**Work instructions**. Without any of its pictures, the listing below should be output exactly.

**Provided data**.
↓↓↓

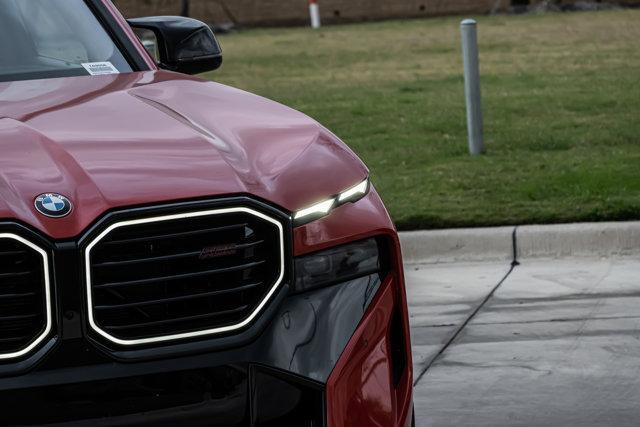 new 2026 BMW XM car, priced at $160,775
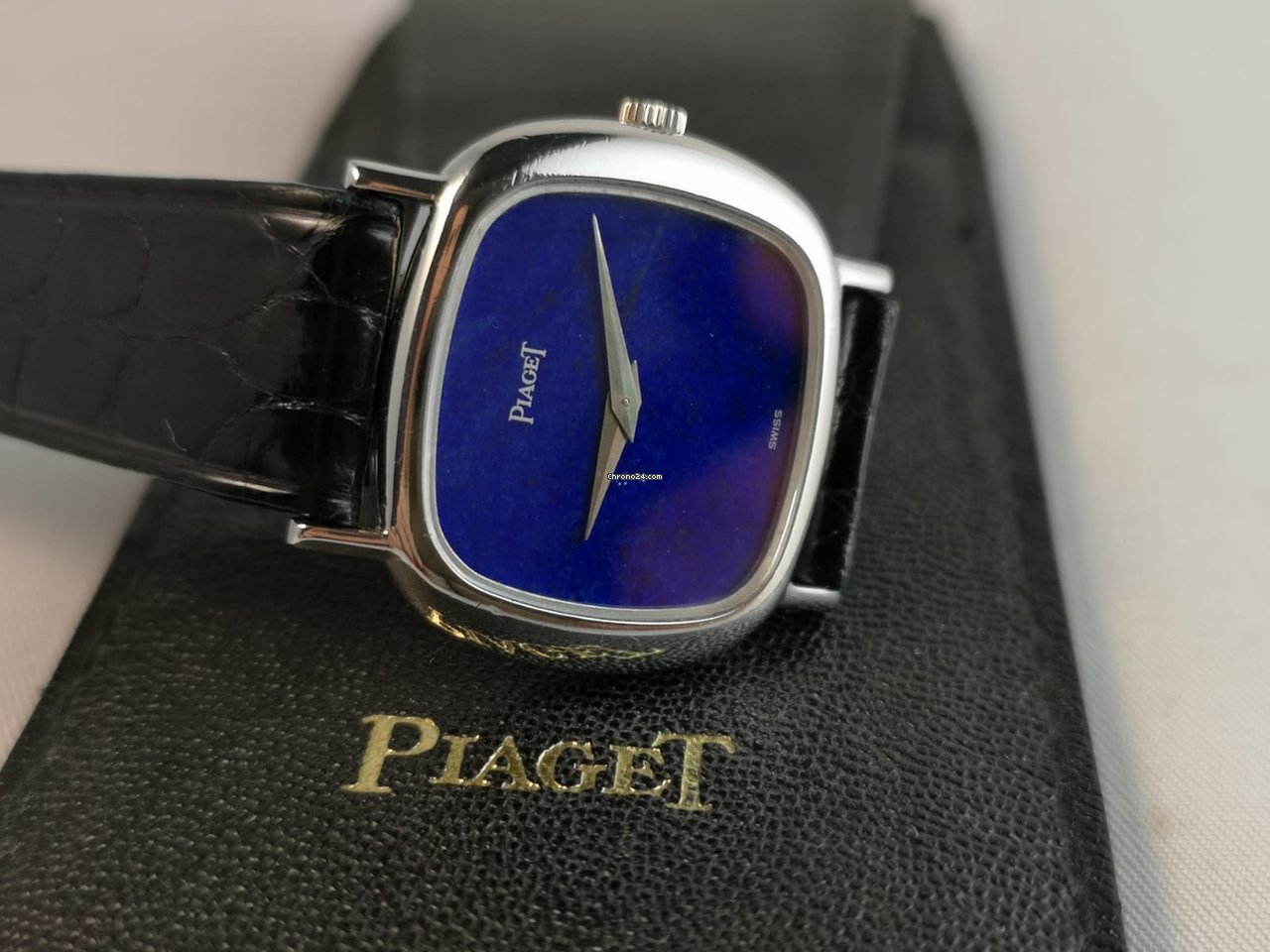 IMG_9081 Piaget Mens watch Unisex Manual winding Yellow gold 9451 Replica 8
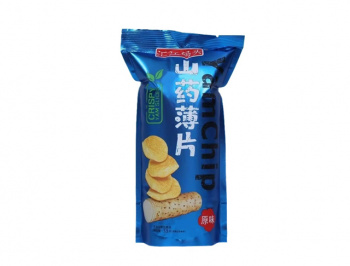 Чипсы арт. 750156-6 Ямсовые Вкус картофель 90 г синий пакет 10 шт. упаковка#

↑↑↑

**Answer**.
 new 2026 BMW XM car, priced at $160,775
 IMG_9081 Piaget Mens watch Unisex Manual winding Yellow gold 9451 Replica 8
 Чипсы арт. 750156-6 Ямсовые Вкус картофель 90 г синий пакет 10 шт. упаковка#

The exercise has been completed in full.